DECONSTRUCTING THE REGULARIZATION OF BATCH-NORM

Abstract

Batch normalization (BatchNorm) has become a standard technique in deep learning. Its popularity is in no small part due to its often positive effect on generalization. Despite this success, the regularization effect of the technique is still poorly understood. This study aims to decompose BatchNorm into separate mechanisms that are much simpler. We identify three effects of BatchNorm and assess their impact directly with ablations and interventions. Our experiments show that preventing explosive growth at the final layer at initialization and during training can recover a large part of BatchNorm's generalization boost. This regularization mechanism can lift accuracy by 2.9% for Resnet-50 on Imagenet without BatchNorm. We show it is linked to other methods like Dropout and recent initializations like Fixup. Surprisingly, this simple mechanism matches the improvement of 0.9% of the more complex Dropout regularization for the state-of-the-art Efficientnet-B8 model on Imagenet. This demonstrates the underrated effectiveness of simple regularizations and sheds light on directions to further improve generalization for deep nets.

1. INTRODUCTION

Deep learning has made remarkable progress on a variety of domains in the last decade. While part of this progress relied on training larger models on larger datasets, it also depended crucially on the development of new training methods. A prominent example of such a development is batch normalization (BatchNorm) (Ioffe and Szegedy, 2015) , which has become a standard component of training protocols. For example, state-of-the-art models in image recognition (Szegedy et al., 2017; He et al., 2016; Tan and Le, 2019), object detection (He et al., 2019; Du et al., 2019) , and image segmentation (Chen et al., 2017) all use BatchNorm. Despite its prominence, the mechanisms behind BatchNorm's effectiveness are not well-understood (Santurkar et al., 2018; Bjorck et al., 2018; Yang et al., 2019) . Perhaps at the core of the confusion is that BatchNorm has many effects.
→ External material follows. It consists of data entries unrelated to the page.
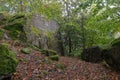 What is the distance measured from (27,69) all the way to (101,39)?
12.6m

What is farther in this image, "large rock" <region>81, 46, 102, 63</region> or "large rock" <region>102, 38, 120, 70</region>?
"large rock" <region>81, 46, 102, 63</region>

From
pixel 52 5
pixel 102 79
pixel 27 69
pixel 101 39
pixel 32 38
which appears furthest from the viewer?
pixel 101 39

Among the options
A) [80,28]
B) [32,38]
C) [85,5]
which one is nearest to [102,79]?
[85,5]

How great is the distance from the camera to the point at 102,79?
29.3 feet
It has been correlated to reducing covariate shift (Ioffe and Szegedy, 2015), enabling higher learning rates (Bjorck et al., 2018) , improving initialization (Zhang et al., 2019) , and improving conditioning (Desjardins et al., 2015) , to name a few. These entangled effects make it difficult to properly study the technique. In this work, we deconstruct some of the effects of BatchNorm in search of much simpler components. The advantage of this approach compared to previous work is that it allows going beyond correlating these effects to BatchNorm by evaluating their impact separately. The mechanisms we consider in this work are purposefully simple. These simpler mechanisms are easier to understand and, surprisingly, they are competitive even at the level of the state-of-the-art. Our contributions can be summarized as follows: 1. How does normalization help generalization? We isolate and quantify the benefits of the different effects of BatchNorm using additive penalties and ablations. To our knowledge, we are the first to provide empirical evidence that BatchNorm's effect of regularizing against explosive growth at initialization and during training can recover a large part of its generalization boost. Replicating this effect with Fixup initialization and the proposed additive penalty improves accuracy by 2.9% for Resnet-50 without BatchNorm.